> _The task_: Transcribe the records below from the first line to the line that includes "For Samsung Galaxy", inclusive, and omit the pictures.

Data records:
========================

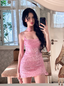 Shiny Pink Sequined Suspender Tube Top Hip 17Th Birthday Homecoming Dresses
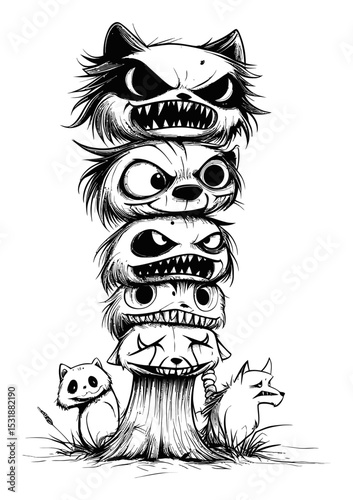 Unique Stack of Cartoonish Animal Faces in Monochrome Vector Design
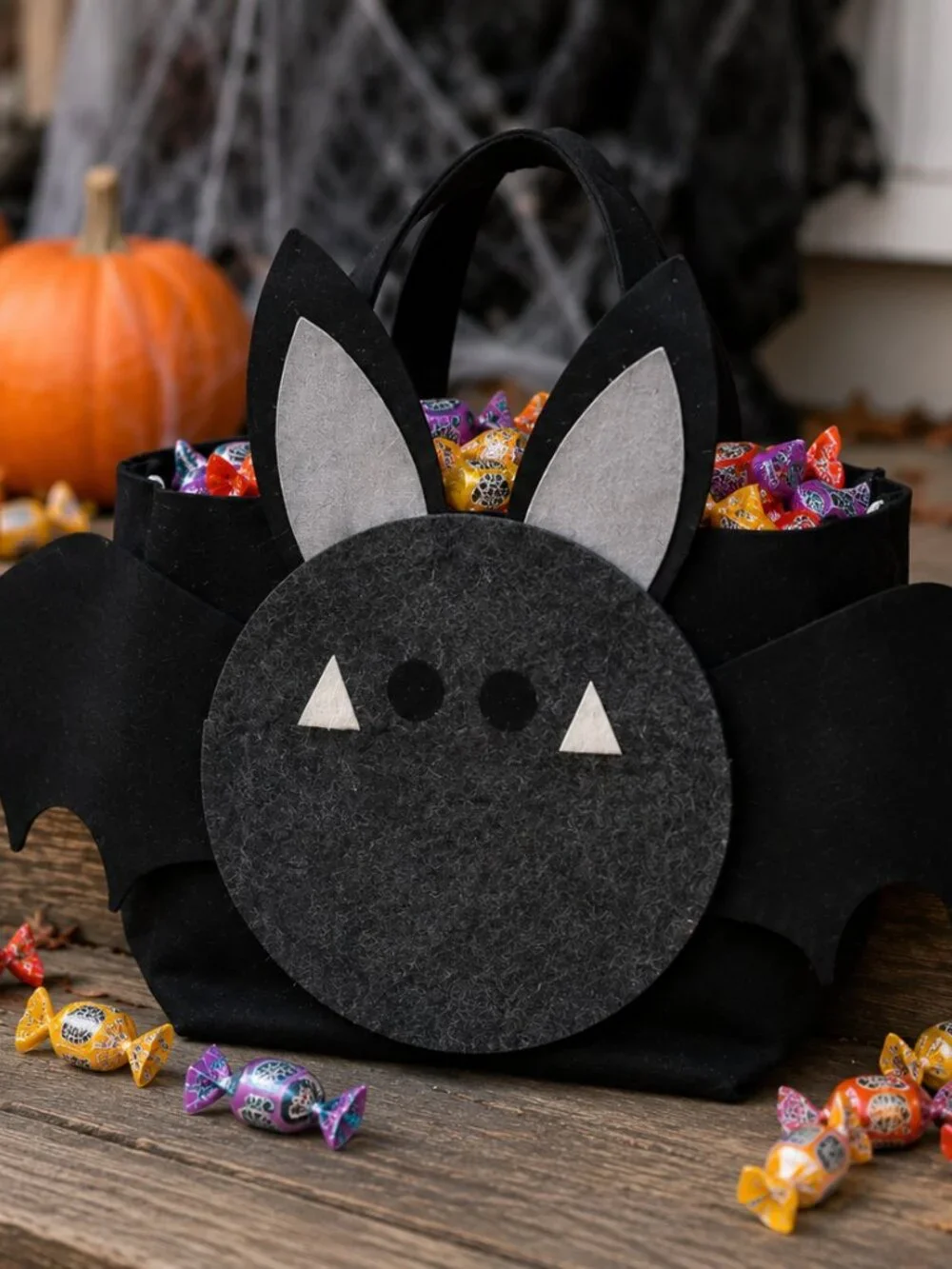 Bat Halloween Treat bag, handmade felt trick or treat bag, kids Halloween candy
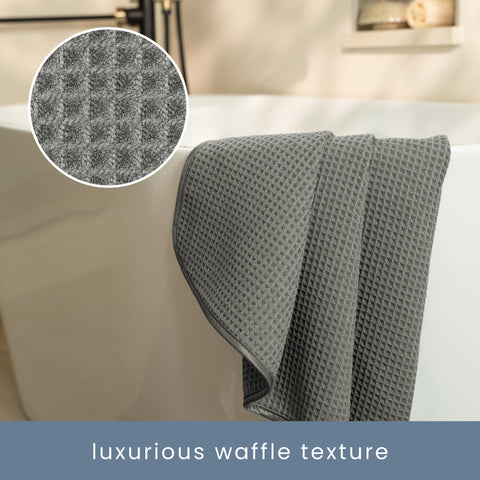 Aura waffle towel with hanging loop; easy air-drying after showers
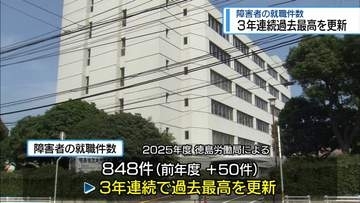 ハローワークを通じた障がい者の就職848件　3年連続で過去最高　【徳島】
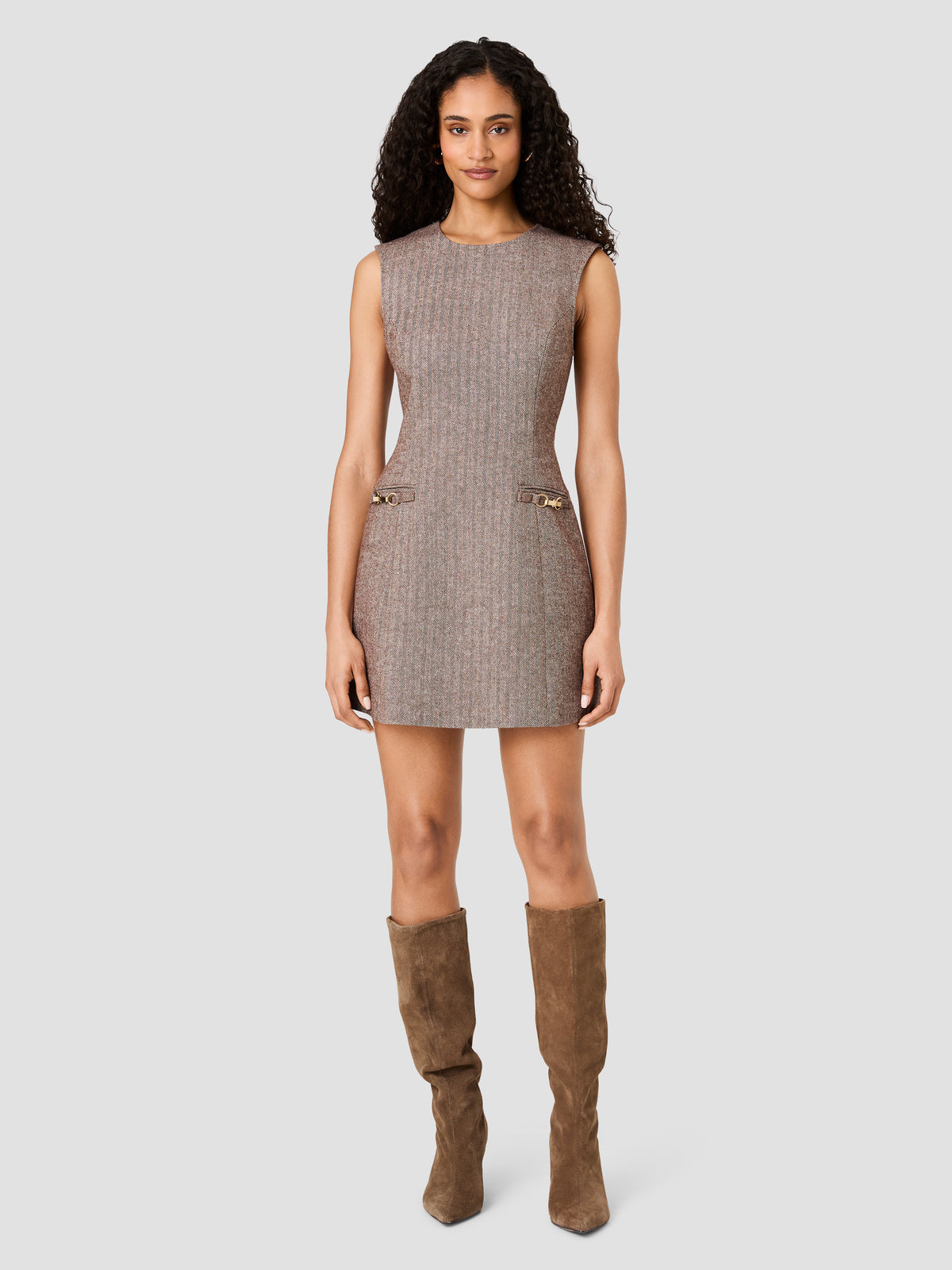 NAYA HERRINGBONE BUCKLE MINI DRESS VIEW 9 | Best Sellers NAYA HERRINGBONE BUCKLE MINI DRESS VIEW 9 | Best Sellers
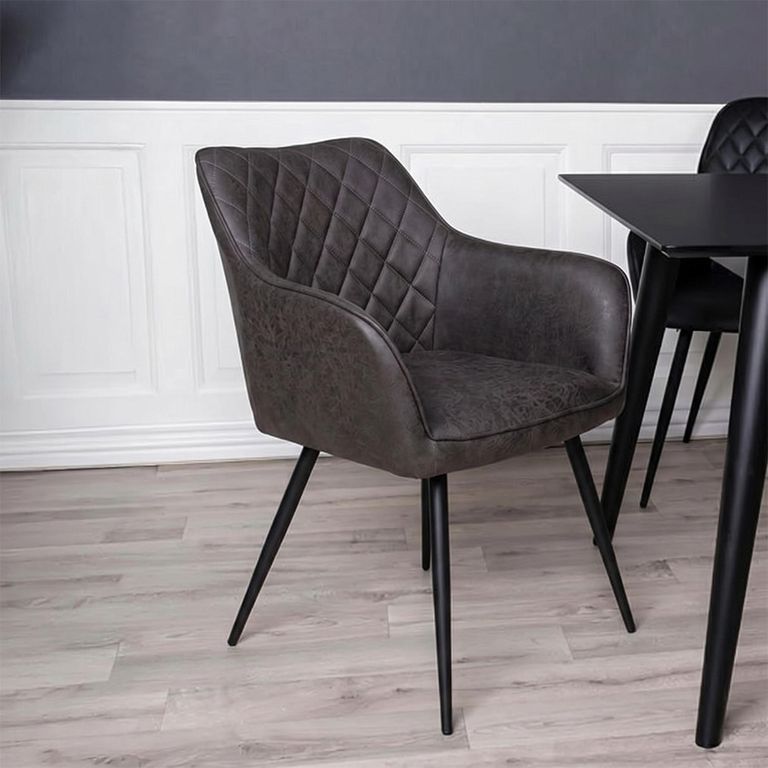 Charlie Dining Chair - Set of 2 - Grey Faux Leather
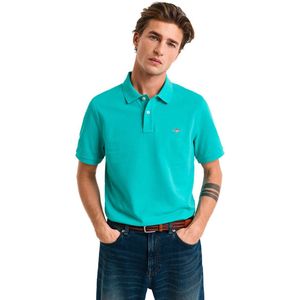 Gant Reg Shield Korte Mouw Poloshirt Blauw L Man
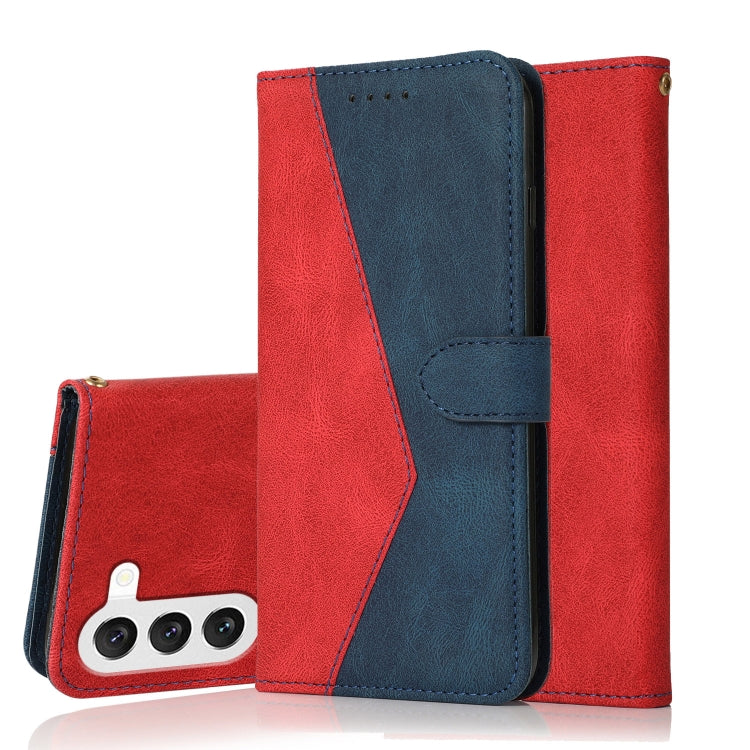 For Samsung Galaxy S25 5G Dual-color Stitching Leather Phone Case(Red Blue) by buy2fix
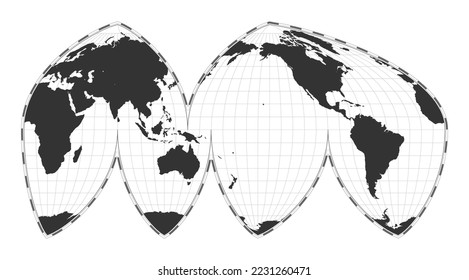 Mapa del mundo de los vectores. La proyección eumórfica interrumpida de Bogg. Mapa geográfico del mundo plano con líneas de latitud y longitud. Centrado en la longitud de 180 grados. Ilustración vectorial.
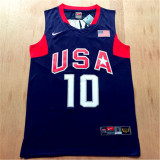 USA Basketball Dream 2008年北京奥运会 美国梦八# 10 科比-布莱恩特 蓝色 球迷版球衣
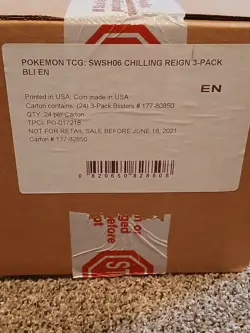 Pokemon Sword & Shield Chilling Reign 3 Pack Blister Case Factory Sealed - Image 1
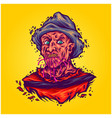 scary halloween freddy face logo cartoon vector image vector image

========================

> _Solution_:
 Shiny Pink Sequined Suspender Tube Top Hip 17Th Birthday Homecoming Dresses
 Unique Stack of Cartoonish Animal Faces in Monochrome Vector Design
 Bat Halloween Treat bag, handmade felt trick or treat bag, kids Halloween candy
 Aura waffle towel with hanging loop; easy air-drying after showers
 ハローワークを通じた障がい者の就職848件　3年連続で過去最高　【徳島】
 NAYA HERRINGBONE BUCKLE MINI DRESS VIEW 9 | Best Sellers NAYA HERRINGBONE BUCKLE MINI DRESS VIEW 9 | Best Sellers
 Charlie Dining Chair - Set of 2 - Grey Faux Leather
 Gant Reg Shield Korte Mouw Poloshirt Blauw L Man
 For Samsung Galaxy S25 5G Dual-color Stitching Leather Phone Case(Red Blue) by buy2fix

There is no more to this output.